We have previously reported that benzodiazepines inhibit microsomal steroid hydroxylases. We have now studied their effects at much lower drug concentrations and have also addressed the suggestion that benzodiazepines alter cellular calcium metabolism.

We investigated the in-vitro effects of midazolam on microsomal steroid hydroxylation by measuring basal and ACTH-stimulated cortisol and 17α-hydroxyprogesterone (17-OHP) synthesis.

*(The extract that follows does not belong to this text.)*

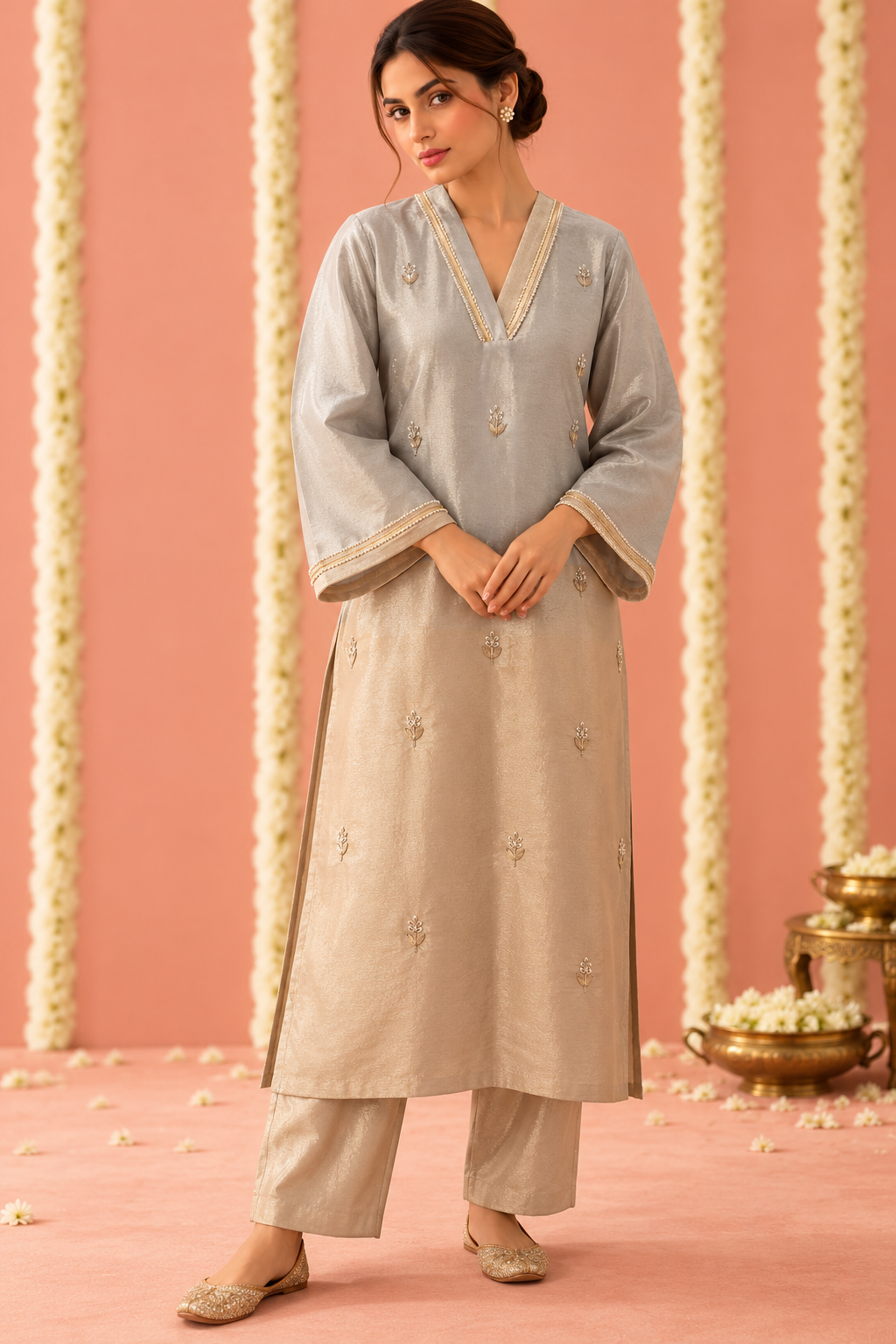White Gold Blooming Tissue Kurta Set - Set of 2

Threshold inhibition of basal cortisol production was achieved by 3·4 μmol midazolam/1 while ACTH-stimulated production required 13·6 μmol/l. This was accompanied by a biphasic response of 17-OHP production, rising to a maximum at 13·6 μmol midazolam/l for basal and 6·8 μmol midazolam/l for ACTH-stimulated synthesis suggesting a preferential inhibitory effect on 21-hydroxylase activity at < 6·8 μmol/l and additonal effects on 17α-hydroxylation at higher drug concentrations. This explains the inhibition of ACTH-stimulated cortisol synthesis by midazolam (50% inhibitor dose (IC50) 22 μmol/l). Using 21-deoxycortisol as substrate, we have demonstrated that midazolam is a competitive inhibitor of 21-hydroxylase (inhibitory constant (KI) 35 μmol/l).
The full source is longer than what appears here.